Trying to connect the dots between housing, equality, and success in a way that makes sense is quite a stretch, even for Barack Obama. Our incomes are not secured by our equal protection rights. Neither are our houses, though they had a lot to do with the bad mortgages for unaffordable dreams that helped cause the president’s Great Recession. Owning a McMansion can be a sign of success. It can also be a sign of doing something foolish and irresponsible.
There aren’t many McMansions in the neighborhoods HUD wants to help out with the new Affirmatively Furthering Fair Housing Rule. The ballyhoo in the wake of the SCOTUS decision in Texas Department of Housing and Community Affairs v. Inclusive Communities Project makes it sound like the rule will empower minority neighborhoods beyond their means. That is not going to happen. Poor is poor and no fair housing rule is going to change that.
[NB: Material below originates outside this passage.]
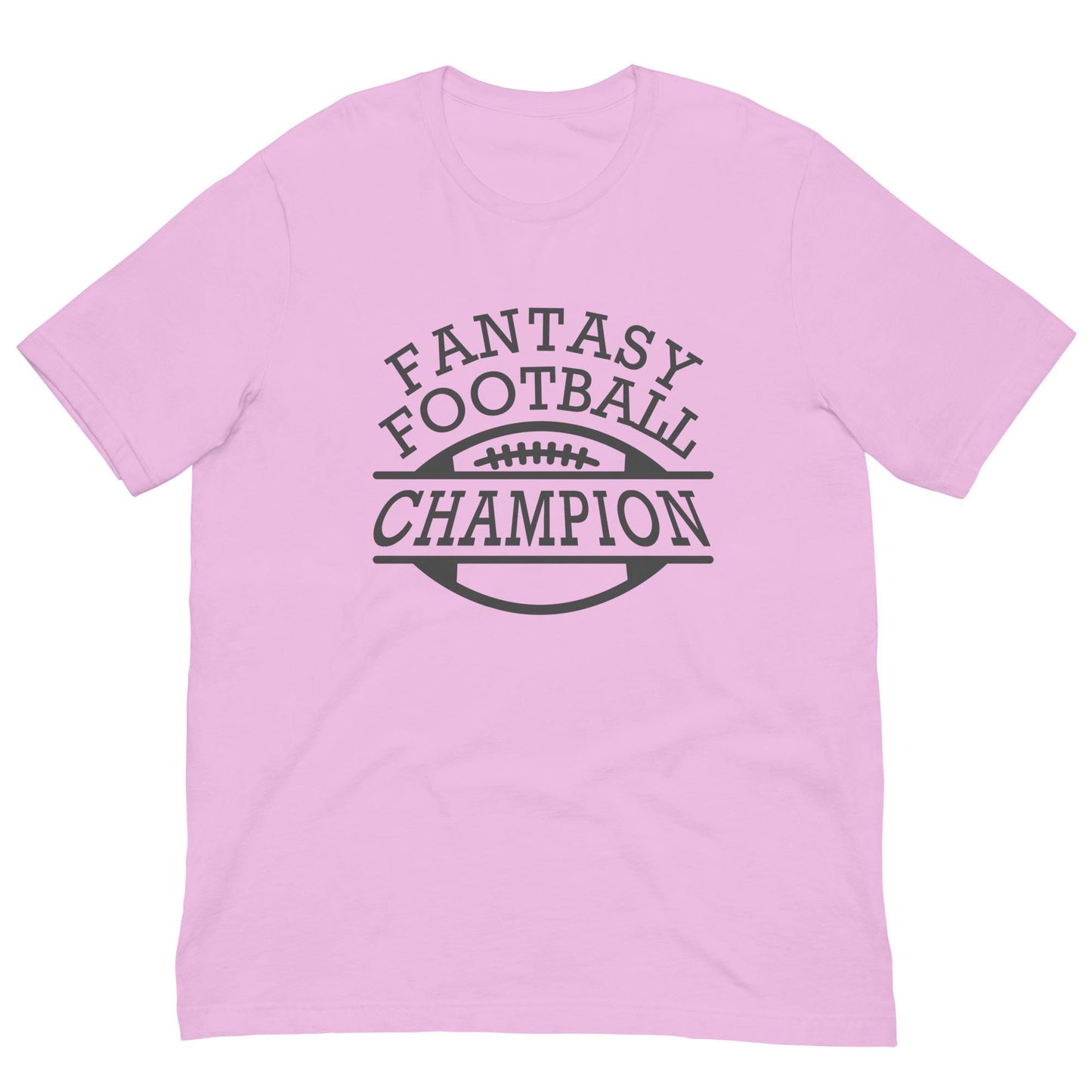 Fantasy Football Champion Unisex T-shirt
Segregation by zip code or destiny by income?
The zip code vs. opportunity argument is infuriating for community activist types because it has no solution. Minorities aren’t confined to poor neighborhoods because of their color. They are stuck in poor neighborhoods because they don’t have any money. Their employment and housing opportunities are limited for the same reason. Building better housing and forcing integrated neighborhoods won’t change that.
Obama tried to equate fair housing with success in life after the Supreme Court ruling:
The Court recognized what many people know to be true from their own lives: that too often, where people live determines what opportunities they have in life.1
Obama wasn’t really talking about housing. He’s talking about the right to success. That right doesn’t exist and it never will. No matter how fair and equitable we try to make housing opportunities, it doesn’t change the fundamental fact of income inequality that all the government spending back to Lyndon Johnson has not been able to fix (see: A Great Society Demands Respect.).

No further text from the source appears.